Op-Ed: Texas logic on gay marriage would also ban marriage of minorities

Posted Jul 30, 2014 by Calvin Wolf
Texas attorney general Greg Abbott, the Republican nominee for governor this fall, says that the state's ban on gay marriage should be upheld because gay couples are allegedly not as conducive to "stable" families and child-rearing.
Texas Attorney General Greg Abbott
Texas Attorney General Greg Abbott
Attorney General Of Texas Website
Texas attorney general Greg Abbott is supporting the state's continued ban on same-sex marriages by arguing that the ban allows for Texas to better promote "stable, lasting relationships," reports the Associated Press. Abbott, the Republican nominee for governor this fall, also says that Texans have the right under the U.S. Constitution's equal protection clause to define marriage in the way they wish. Unfortunately for Abbott, he is on the wrong side of history. As a Texan, I am displeased that this man is a mouthpiece for our state.
Like other conservative state politicians, such as New Jersey governor Chris Christie, Abbott is trying to disguise bigotry as freedom. The U.S. Constitution was created expressly to prevent the "freedom" of the majority vote from oppressing the minority, which is why Abbott's citation of the equal protection clause is puzzling. The equal protection clause is intended to uphold the rights and freedoms of the minority, not give the majority free reign.
If we followed Abbott's logic, states and state voters would still be allowed to uphold the doctrine of separate but equal, for separate but equal was once supported by majority vote. Would any politician, even a conservative like Abbott, dare suggest that we allow institutionalized racism to return in any U.S. state just because a majority of voters wished it? Obviously not. To me, it is strange that ultraconservative politicians will pay lip service to the policies that helped bring about racial and gender equality while still trying to justify discrimination based on sexual orientation.
Replace "gay" or "same-sex" with "black" and "Hispanic" and see how these conservative laws against certain types of marriage sound. Does this sound too extreme? Consider Abbott's own logic as to why the ban on gay marriage should be upheld: It is allegedly less conducive to "stable, lasting relationships." Then look at the statistics on marriage by race and level of education.
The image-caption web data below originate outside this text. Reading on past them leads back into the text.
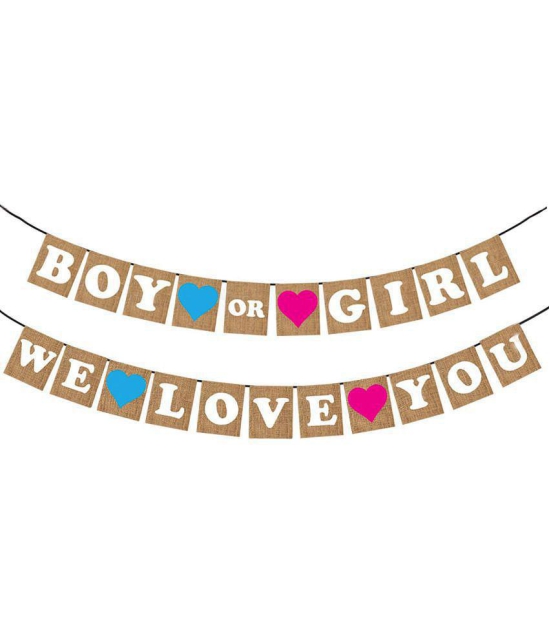 Party Propz We Love You Paper Banner with Balloon Combo for Baby Shower Decoration Material Multi Colour - Multi-Color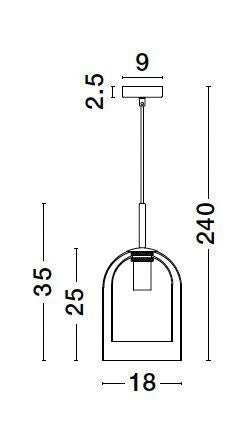 Suspension Velor noire et fumée, verre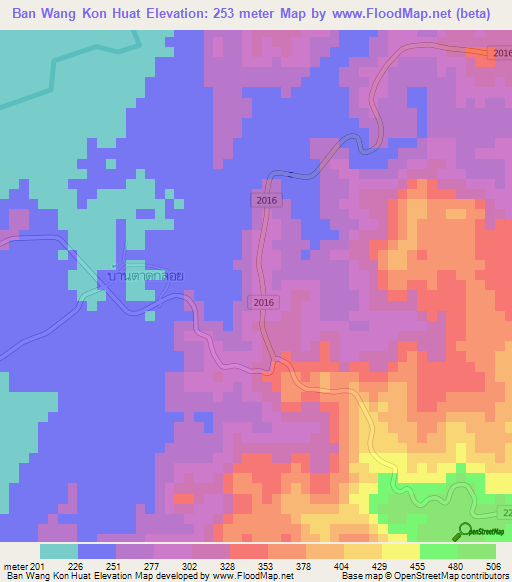 Ban Wang Kon Huat,Thailand Elevation Map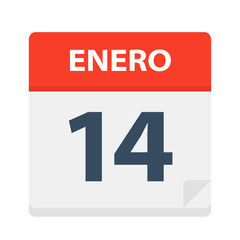 Enero 14 - Calendar Icon - January 14. Vector illustration of Spanish Calendar Leaf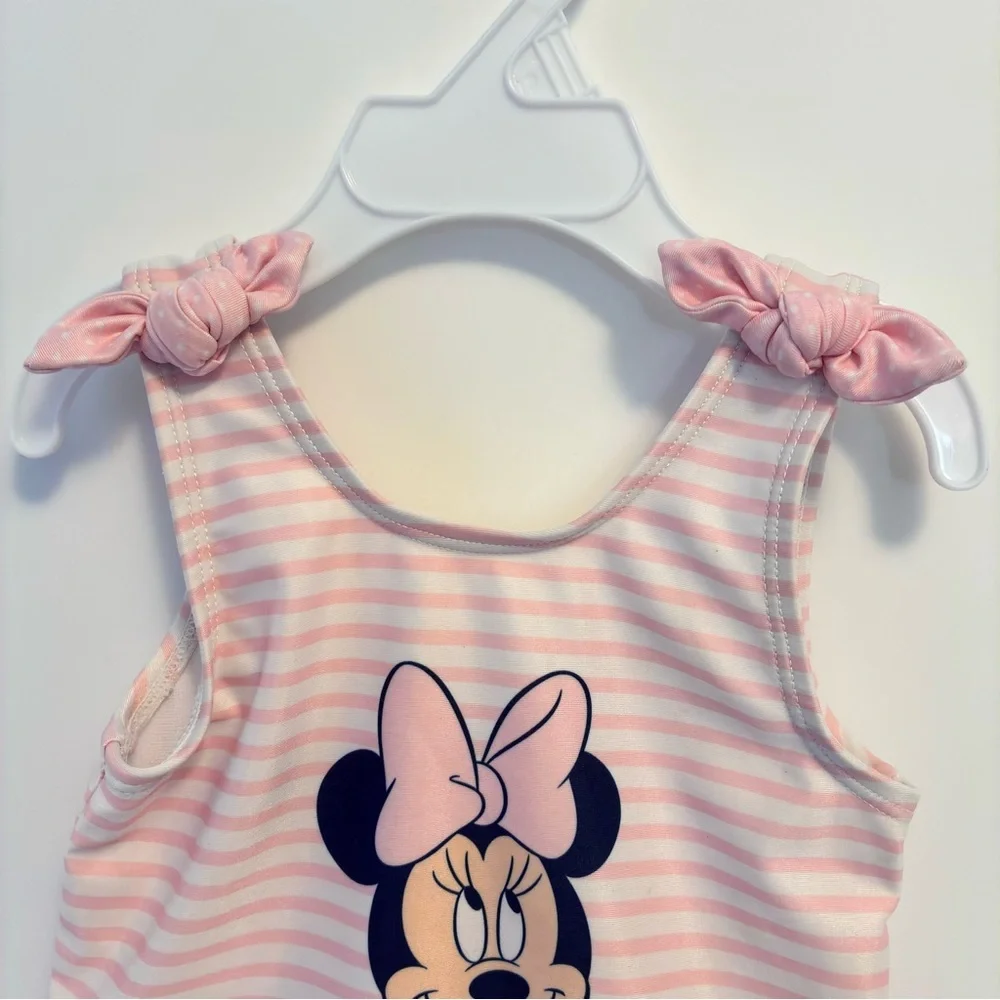 Disney Junior Minnie Mouse One-Piece Swimsuit Pink White Stripe Size 2T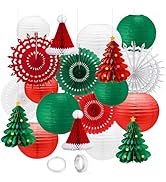 Christmas Paper Lanterns Decoration,19PCS Red Green Lanterns Handmade With Tape and String, Fans,...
How many racial, ethnic, religious, or other societal groups have marriage statistics indicating that those marriages are less than stable and lasting?
When you throw in other statistics, including annual income, level of education attainment, and incarceration rates, how many different groups should be banned from marrying in Texas? I doubt, of course, that Abbott would be willing to broach that issue. But, if in the name of protecting voters' rights, we are going to go there, let us go there.
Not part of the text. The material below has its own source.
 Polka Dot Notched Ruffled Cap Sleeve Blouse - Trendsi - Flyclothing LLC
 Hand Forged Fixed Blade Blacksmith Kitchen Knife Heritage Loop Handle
Should blacks be allowed to marry? Do they form stable and lasting relationships conducive to productive child-rearing? What about Hispanics? Asians? Whites? Native Americans? Native-born citizens? Immigrants? Which groups should be allowed state-sanctioned matrimony? Perhaps we should only allow college-educated people to marry each other since, statistically speaking, those couples are better at raising healthy, productive children.
Do ex-cons have stable, lasting marriages? The disabled? Those with depression or personality disorders?
Sorry, Greg, but your logic does not stand up to the type of scrutiny you are inviting. It's a hop, skip, and a jump to totalitarian eugenics, all masquerading as voter freedom. I do recall that there was some guy who was voted into office in Germany in 1932 by majority vote as well...but I forget his name.